----- GIVEN RECORDS
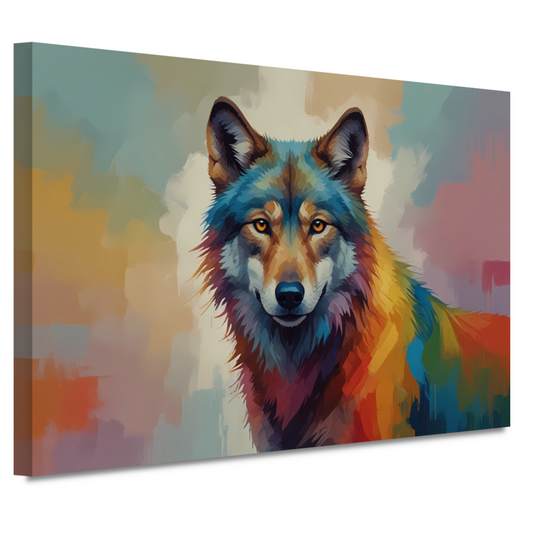 Abstracte kleurexplosie wolf portret canvas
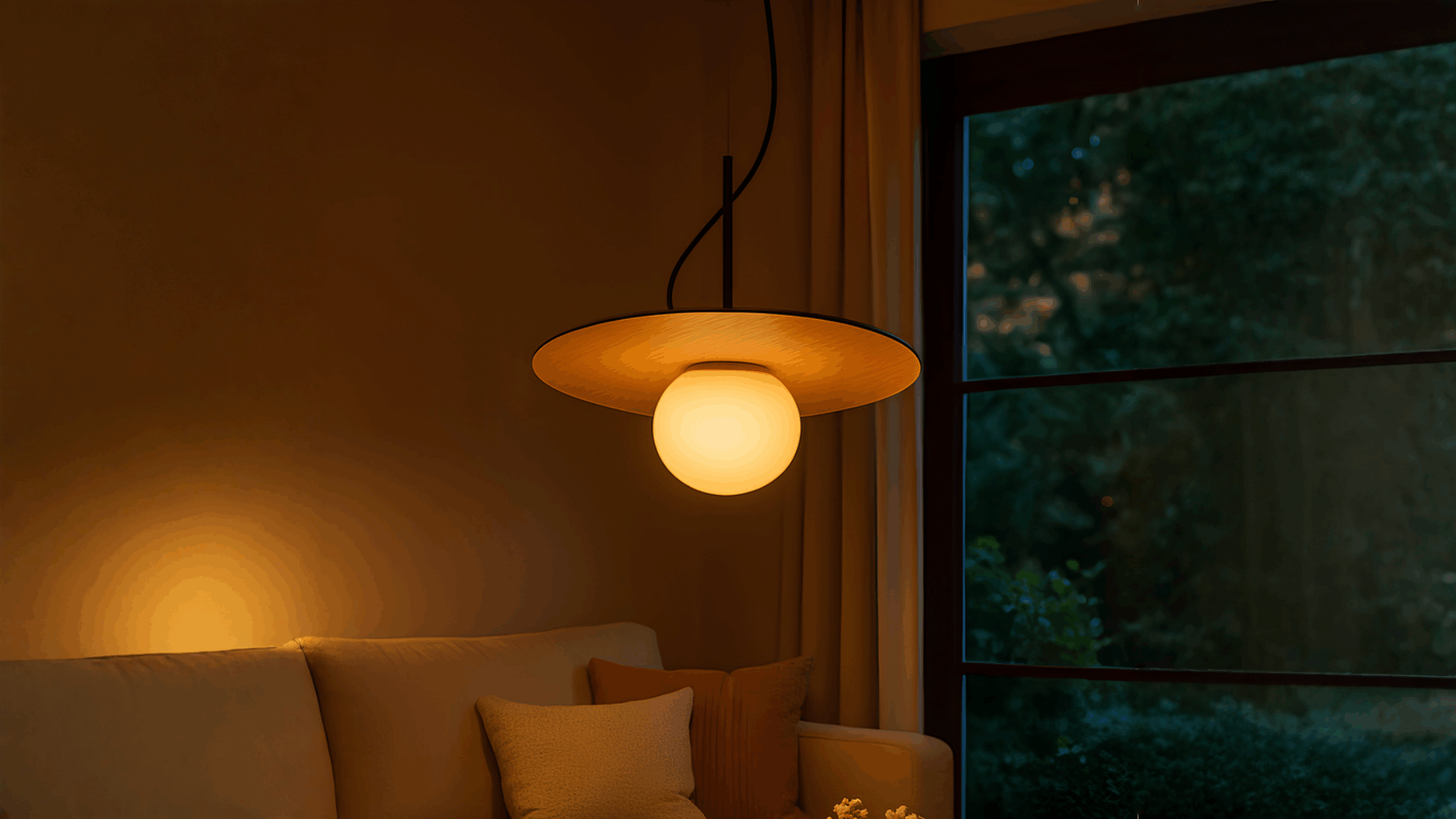 A modern pendant lamp with a round shade brings warmth and ambience above a beige sofa in a dimly lit living room, next to a large window showing trees outside at dusk.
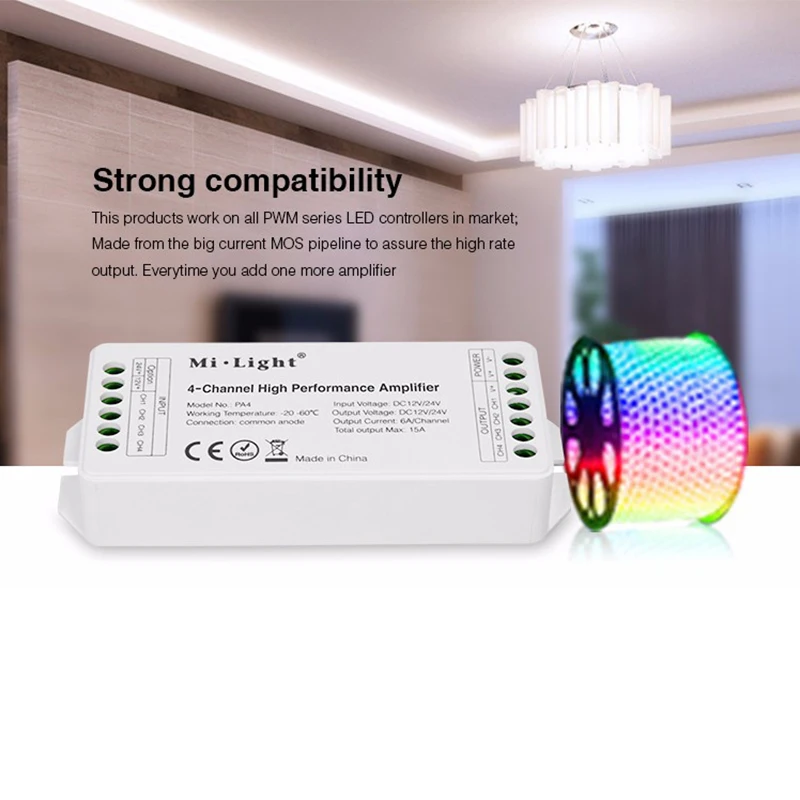 4-канальный высокопроизводительный усилитель Mi Light PA4 светодиодный контроллер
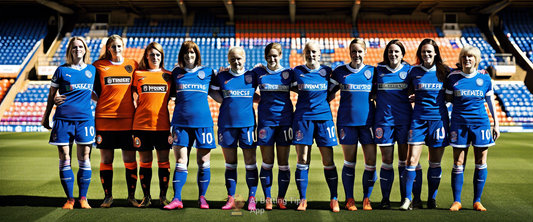 Rangers women celebrating a goal during their 10-0 victory over Dundee United.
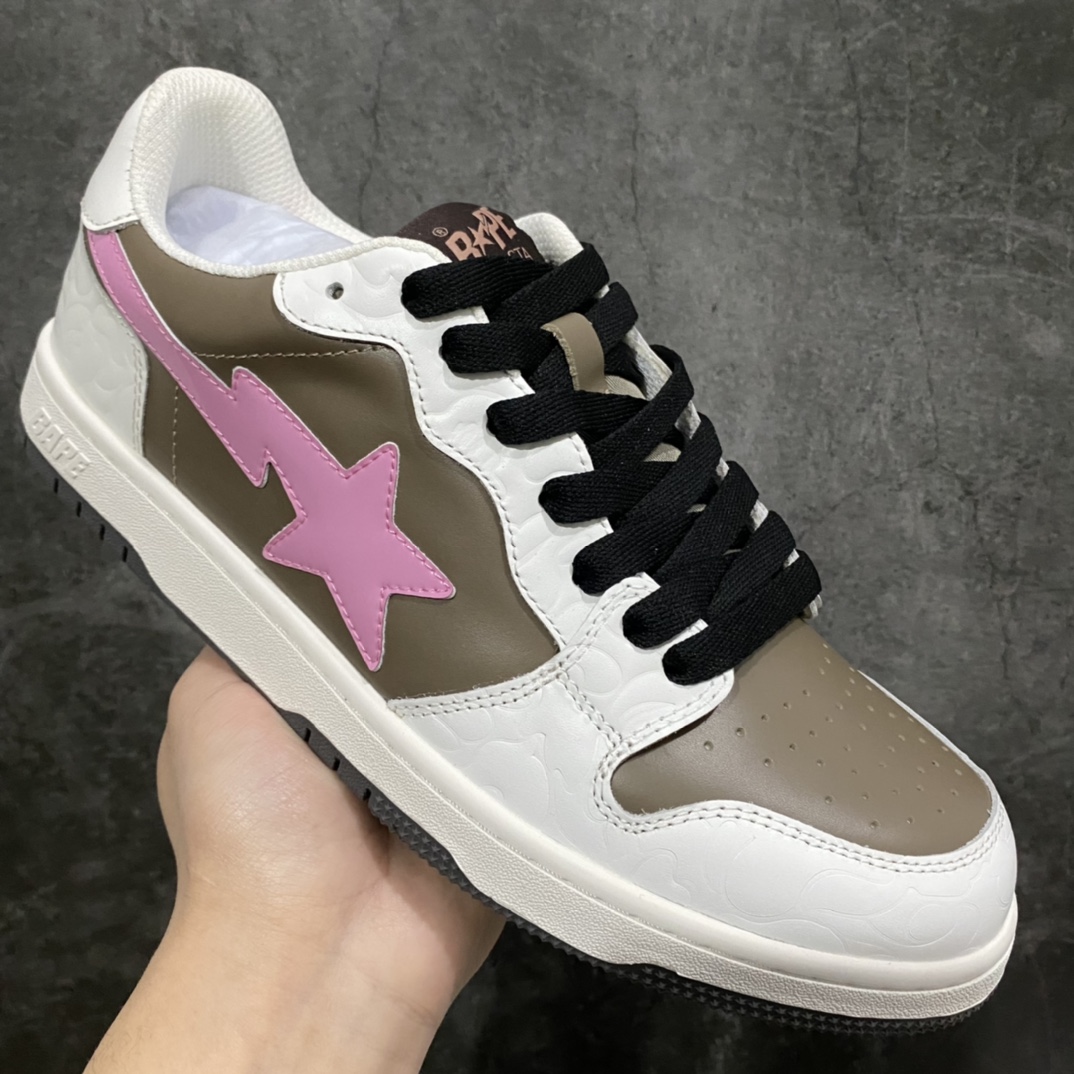 图片[3]-BAPE Sk8 Sta Low SK8系列低帮休闲运动滑板板鞋\”压纹皮革草莓奶昔1I20-191-004” 东莞原装纯原混卖版 男女鞋原版3枚原标 配置抗压3*5印有猿人logo快递外包盒#升级原楦原纸版开发版型 采用进口固色无色差翻毛麂皮革组合头层皮革叠层鞋面材质 鞋垫嵌入Ortholite(欧索莱)缓震材质/附带送一副高密度迷彩替换鞋垫 外置原数据开发耐磨橡胶大底❗️ 尺码： 36-44-选品中心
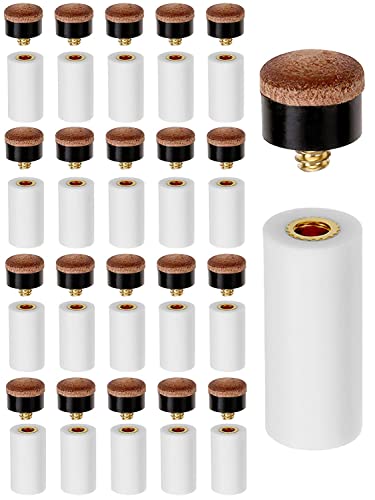 Kenkio 40 Pieces 12Mm Cue Tips Pool Billiard Cues Tips Replacement With Pool Cue Stick Ferrules For Snooker #TOP7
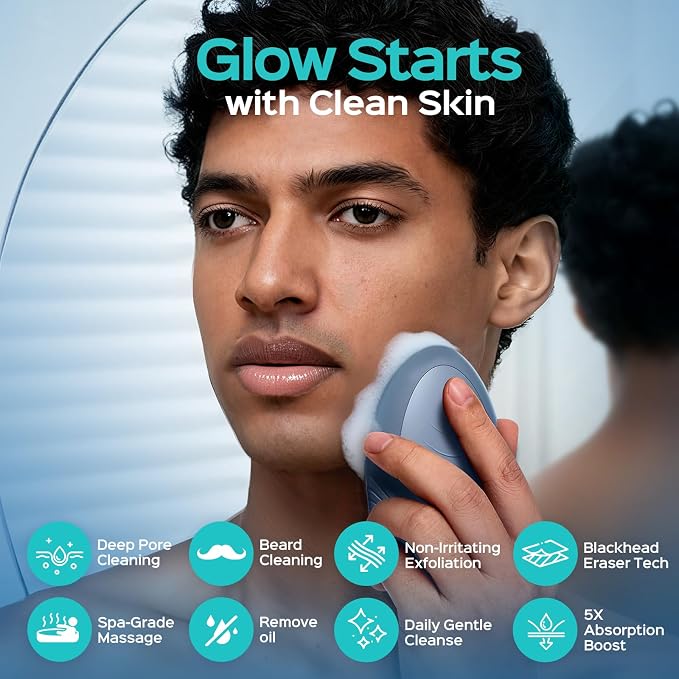 COSLUS FBS01 Facial Cleansing Brush Face Scrubber: Portable Silicone Waterproof - Image 2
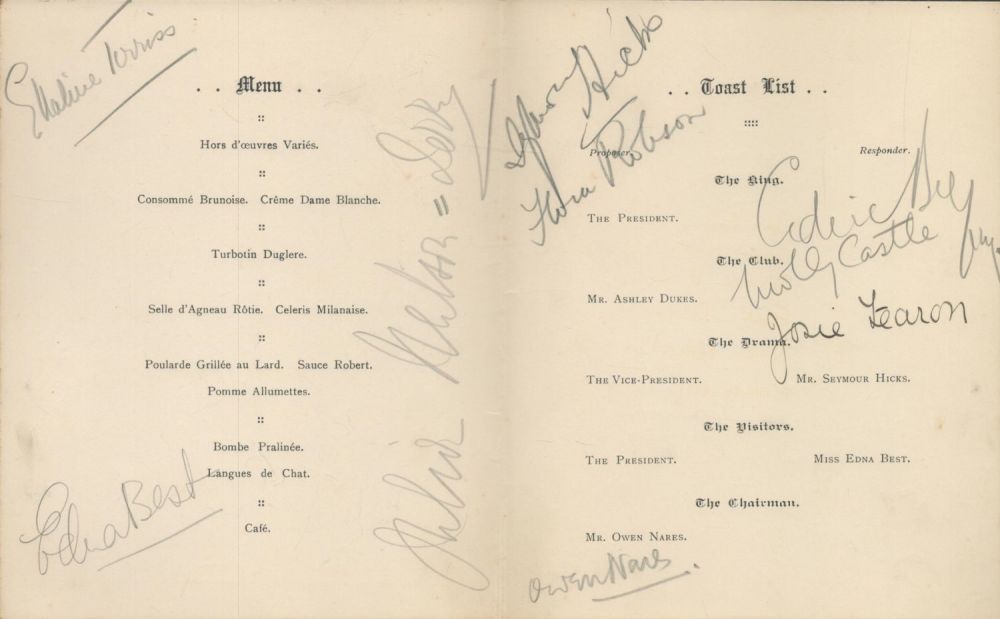 Lot 547: Gallery First Nighters Club 32nd Annual Dinner programme...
----------
## WORK TO BE COMPLETED
What is needed is an exact copy of the lines from the line with "图片[3]-BAPE Sk8 Sta" to the end of the data above, both included, without any pictures.

## ANSWER
 图片[3]-BAPE Sk8 Sta Low SK8系列低帮休闲运动滑板板鞋\”压纹皮革草莓奶昔1I20-191-004” 东莞原装纯原混卖版 男女鞋原版3枚原标 配置抗压3*5印有猿人logo快递外包盒#升级原楦原纸版开发版型 采用进口固色无色差翻毛麂皮革组合头层皮革叠层鞋面材质 鞋垫嵌入Ortholite(欧索莱)缓震材质/附带送一副高密度迷彩替换鞋垫 外置原数据开发耐磨橡胶大底❗️ 尺码： 36-44-选品中心
 Kenkio 40 Pieces 12Mm Cue Tips Pool Billiard Cues Tips Replacement With Pool Cue Stick Ferrules For Snooker #TOP7
 COSLUS FBS01 Facial Cleansing Brush Face Scrubber: Portable Silicone Waterproof - Image 2
 Lot 547: Gallery First Nighters Club 32nd Annual Dinner programme...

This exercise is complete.